Human exposure to radio frequency (RF) electromagnetic energy is known to result in tissue heating and can raise temperatures substantially in some situations. Standards for safe exposure to RF do not reflect bio-heat transfer considerations however. Thermoregulatory function (vasodilation, sweating) may mitigate RF heating effects in some environments and exposure scenarios. Conversely, a combination of an extreme environment (high temperature, high humidity), high activity levels and thermally insulating garments may exacerbate RF exposure and pose a risk of unsafe temperature elevation, even for power densities which might be acceptable in a normothermic environment. A high-resolution thermophysiological model, incorporating a heterogeneous tissue model of a seated adult has been developed and used to replicate a series of whole-body exposures at a frequency (100 MHz) which approximates that of human whole-body resonance. Exposures were simulated at three power densities (4, 6 and 8 mW cm(-2)) plus a sham exposure and at three different ambient temperatures (24, 28 and 31 °C). The maximum hypothalamic temperature increase over the course of a 45 min exposure was 0.28 °C and occurred in the most extreme conditions (T(AMB) = 31 °C, PD = 8 mW cm(-2)). Skin temperature increases attributable to RF exposure were modest, with the exception of a 'hot spot' in the vicinity of the ankle where skin temperatures exceeded 39 °C. Temperature increases in internal organs and tissues were small, except for connective tissue and bone in the lower leg and foot. Temperature elevation also was noted in the spinal cord, consistent with a hot spot previously identified in the literature.
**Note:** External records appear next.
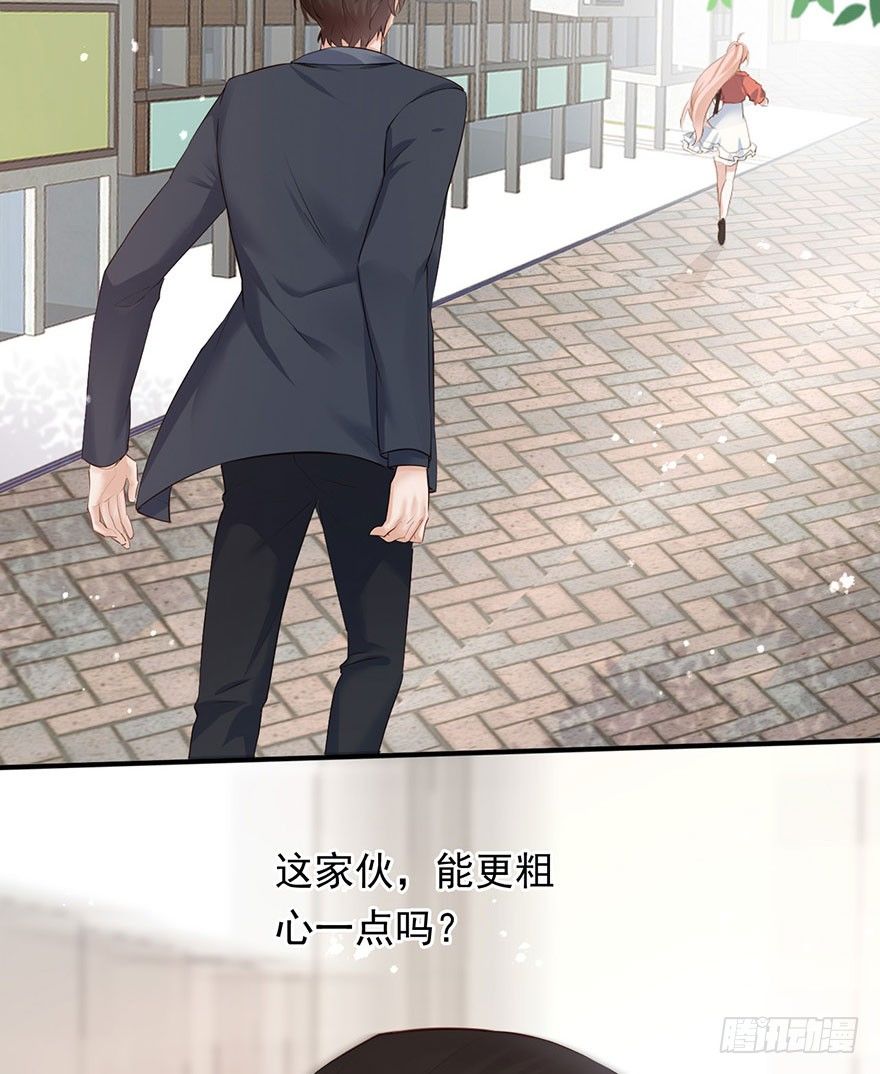 上吧！大哥，光明的未来在等你！(1/2)-第27话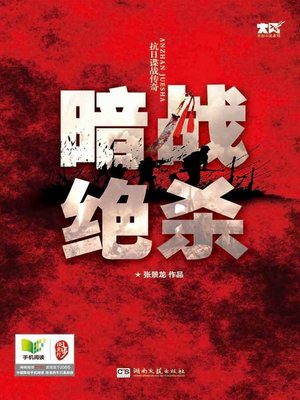 cover image of 暗战绝杀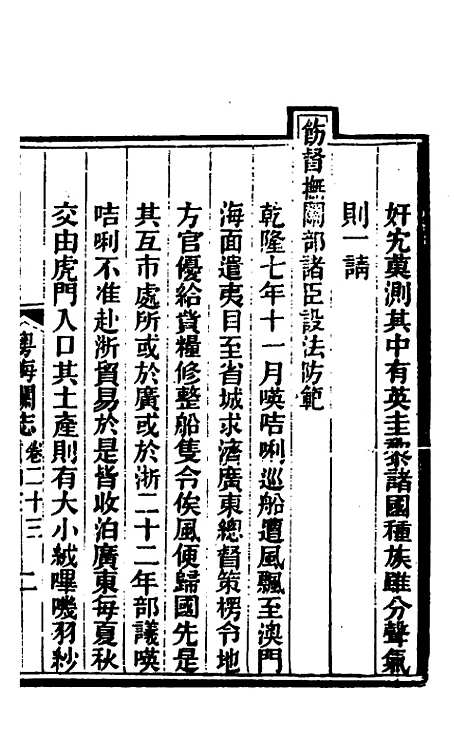 【粤海关志】十七 - 梁廷.pdf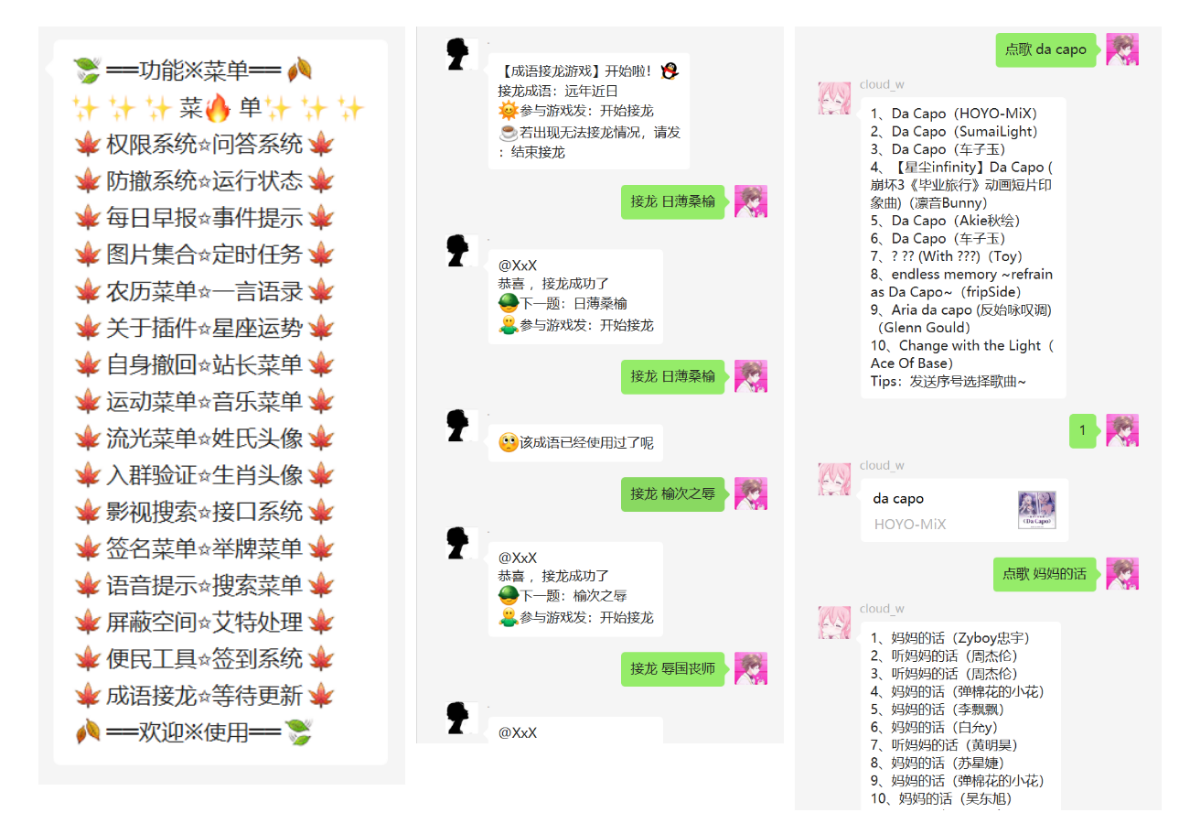 图片[2]-Cloud_w 【免费、点歌、自定义API】-龙之小站资源屋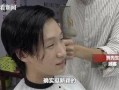 网红理发店爆料视频,独家爆料视频曝光惊人内幕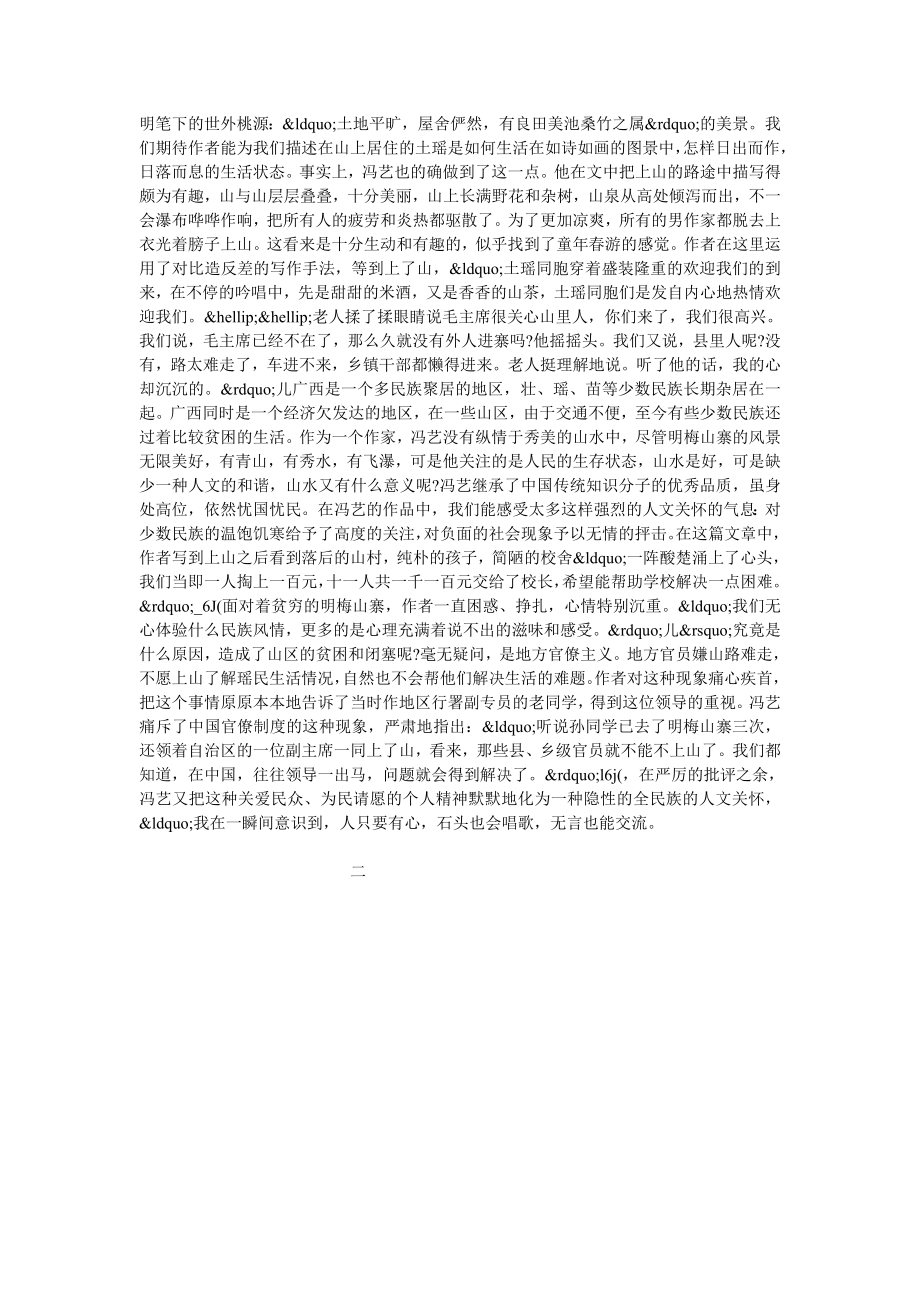 论冯艺文化散文的忧患意识.doc_第2页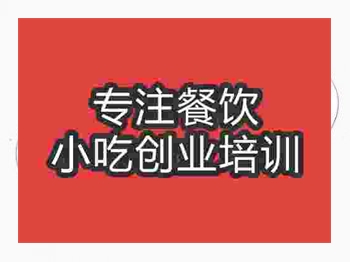 石家莊魚(yú)香肉絲培訓(xùn)班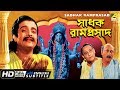 Sadhak ramprasad  bengali movie  english subtitle  gurudas banerjee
Radio frequency electromagnetic fields: cancer, mutagenesis, and genotoxicity.

We present critiques of epidemiologic studies and experimental investigations, published mostly in peer-reviewed journals, on cancer and related effects from exposure to nonionizing electromagnetic fields in the nominal frequency range of 3 kHz to 300 GHz of interest to Subcommittee 4 (SC4) of the International Committee on Electromagnetic Safety (ICES). The major topics discussed are presented under the headings Epidemiologic and Other Findings on Human Exposure, Mammals Exposed In Vivo, Mammalian Live Tissues and Cell Preparations Exposed In Vitro, and Mutagenesis and Genotoxicity in Microorganisms and Fruit Flies. Under each major topic, we present minireviews of papers on various specific endpoints investigated. The section on Epidemiologic and Other Findings on Human Exposure is divided into two subsections, the first on possible carcinogenic effects of exposure from emitters not in physical contact with the populations studied, for example, transmitting antennas and other devices. Discussed in the second subsection are studies of postulated carcinogenic effects from use of mobile phones, with prominence given to brain tumors from use of cellular and cordless telephones in direct physical contact with an ear of each subject. In both subsections, some investigations yielded positive findings, others had negative findings, including papers directed toward experimentally verifying positive findings, and both were reported in a few instances. Further research on various important aspects may resolve such differences. Overall, however, the preponderance of published epidemiologic and experimental findings do not support the supposition that in vivo or in vitro exposures to such fields are carcinogenic.